필기숫자 인식 데이터는 Yann LeCun 웹사이트에서 다운로드 받을 수도 있고, 캐글 숫자인식기(Digit Recognizer) 웹사이트에서도 다운로드 받을 수 있고, keras 팩키지를 설치하면 팩키지 내부에 dataset_mnist() 함수를 통해 데이터를 불러올 수 있다.

2 숫자 필기 인식기 개발¹

2.1 데이터 가져오기

요즘들어 R 팩키지가 개발되면 유의미한 데이터를 포함시키는 경향이 있다. keras 팩키지에도 숫자 필기(MNIST) 데이터가 포함되어 있다. ? dataset_mnist() 명령어를 실행하면 자세한 데이터에 대한 내용을 확인할 수 있다.

# 0. 환경설치 -------------------------------------
library(keras)
library(tidyverse)

# 1. 데이터 불러오기 -------------------------------------
mnist_lst <- dataset_mnist()

# str(mnist_lst)

str(mnist_lst) 명령어로 리스트 형태로 train, test로 구분되어 있음이 확인된다.

2.2 데이터 살펴보기

관심이 있는 것은 필기숫자 데이터를 맞추는 것이다. 따라서 훈련데이터에 필기숫자 데이터가 0 – 9 까지 몇개나 되는지 살펴보고, 표본으로 50개를 뽑아 그래프로 그려본다. display_digit 함수는 사람이 이해하기 쉬운 형태 이미지로 시각화하기 위해 필요한 기능을 담고 있다.

# 2. 탐색적 데이터 분석 ----------------------------------
## 2.1. 사람손으로 쓴 손글씨 숫자 
mnist_lst$train$y %>% as_tibble() %>% 
  ggplot(aes(x=as.factor(value), fill=as.factor(value))) +
    geom_bar(stat="count") +
    scale_y_continuous(labels = scales::comma) +
    theme_bw(base_family = "AppleGothic") +
    labs(title="필기 숫자 훈련데이터 ", x="숫자", y="빈도수", fill="") +
    theme(legend.position = "right")

## 2.2. 사람손으로 쓴 손글씨 숫자 시각화
mnist_smpl <- mnist_lst$train$x %>% tbl_df() %>% 
    sample_n(50)

par(mfrow=c(5,10), mar=c(0.1,0.1,0.1,0.1))

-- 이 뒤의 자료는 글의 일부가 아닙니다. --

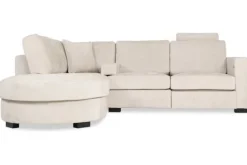 New Loungebank Nottingham Ronde Banken|Loungebanken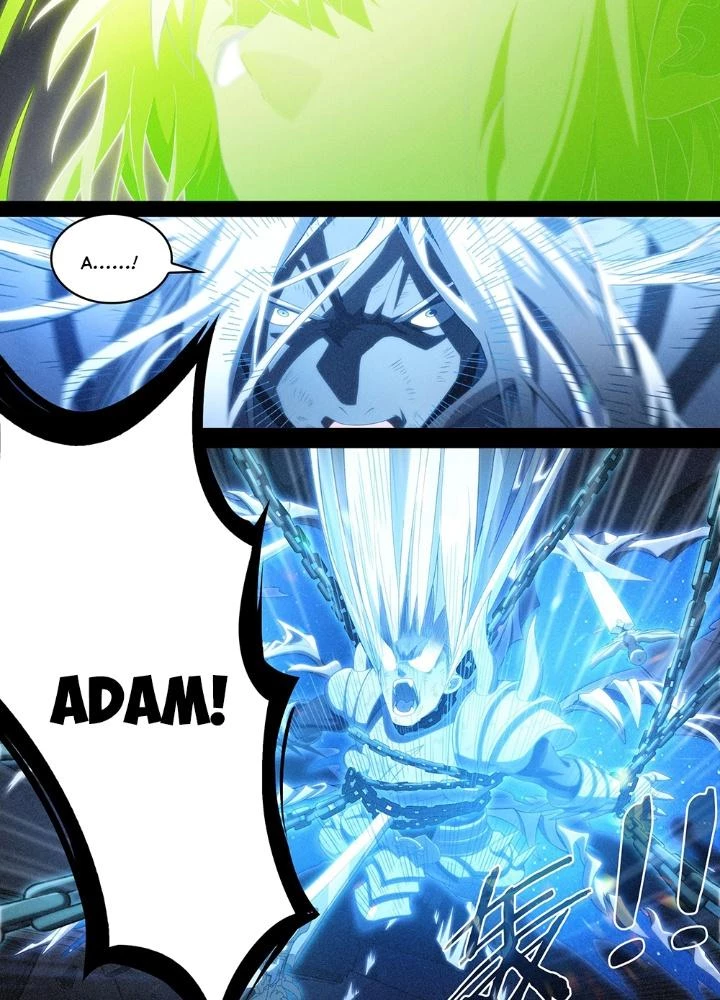 Siêu Thần Linh Chủ Chapter 295 - Trang 2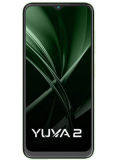 Lava Yuva 2 price in India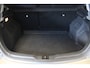 Toyota Auris 1.3 Aspiration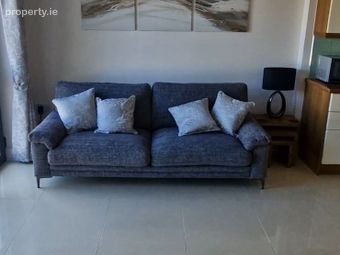 Coill Tre, Doughiska, Galway, Doughiska, Co. Galway - Image 2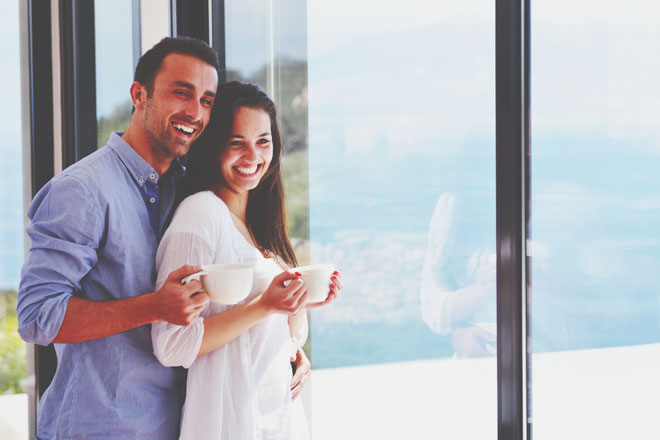 【心理テスト】プロポーズに欠かせないものは？　答えでわかるあなたの結婚生活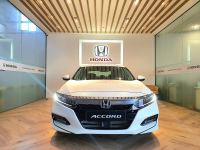Bán xe Honda Accord 1.5 AT 2024 giá 1 Tỷ 319 Triệu - Bình Dương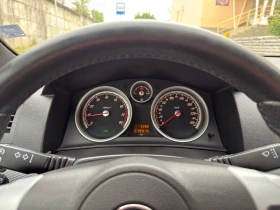 Opel Astra H GTC � ��� | Mobile.bg � ����� ������ 13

display_digit <- function(input){
    m <- matrix(unlist(input), nrow = 28, byrow = FALSE)
    m <- t(apply(m, 2, rev))
    image(m, col=grey.colors(255), axes=FALSE)
}

for(i in 1:50) {
    display_digit(mnist_smpl[i,])
}

2.3 데이터 전처리

딥러닝 모형학습 전에 데이터를 훈련데이터와 검증데이터로 구분한다. dataset_mnist() 원본 데이터가 훈련과 검증 데이터로 구분이 되어 있어 이를 활용한다. 그리고, 기계학습을 위해 정규화 과정을 거친다. dataset_mnist() 데이터가 2D 이차원 배열이라, 이를 1차원 배열로 바꾸고 나서 255로 나눠 0 – 1 사이 값으로 정규화시킨다.

훈련데이터로 60,000 개 데이터, 검증데이터로 10,000 개 데이터가 준비되었다. to_categorical() 함수를 통해 종속변수를 One-Hot 인코딩 가변수 변환시킨다.

# 3. 훈련/학습 데이터 분할 ----------------------------------

# 훈련데이터
train_x <- mnist_lst$train$x
train_y <- mnist_lst$train$y

# 검증데이터
test_x <- mnist_lst$test$x
test_y <- mnist_lst$test$y

# 4. 데이터 전처리 ----------------------------------
## 데이터 정규화(2D 배열 --> 1D 배열)
train_x <- array(as.numeric(train_x), dim = c(dim(train_x)[[1]], 784))
test_x <- array(as.numeric(test_x), dim = c(dim(test_x)[[1]], 784))

# RGB 값을 [0,1] 범위로 변환
train_x <- train_x / 255
test_x <- test_x / 255

cat(dim(train_x)[[1]], '개: 훈련표본\n') #60000 훈련표본

60000 개: 훈련표본

cat(dim(test_x)[[1]], '개: 검증표본\n') #10000 검증표본

10000 개: 검증표본

## 종속변수 가변수 변환
train_y <- to_categorical(train_y, 10)
test_y  <- to_categorical(test_y, 10)

2.4 딥러닝 모형 적합/훈련

훈련데이터와 검증데이터가 모두 준비되었으니, 모형을 초기화하고, 3층 구성을 갖는 신경망 모형을 준비한다. 더불어 손실함수와 측도도 함께 정의한후 fit 함수를 통해 준비한 신경망을 학습시킨다.

신경망 아키텍쳐

중간 dropout 계층과 128개 뉴런을 갖는 계층을 제외하면 이미지(\(28\times 28 = 784\)) 픽셀을 입력으로 받아 256 뉴런에 넣는 계층 하나와 출력으로 0–9까지 숫자 10개 라벨을 갖는 출력 계층으로 단순화할 수 있다.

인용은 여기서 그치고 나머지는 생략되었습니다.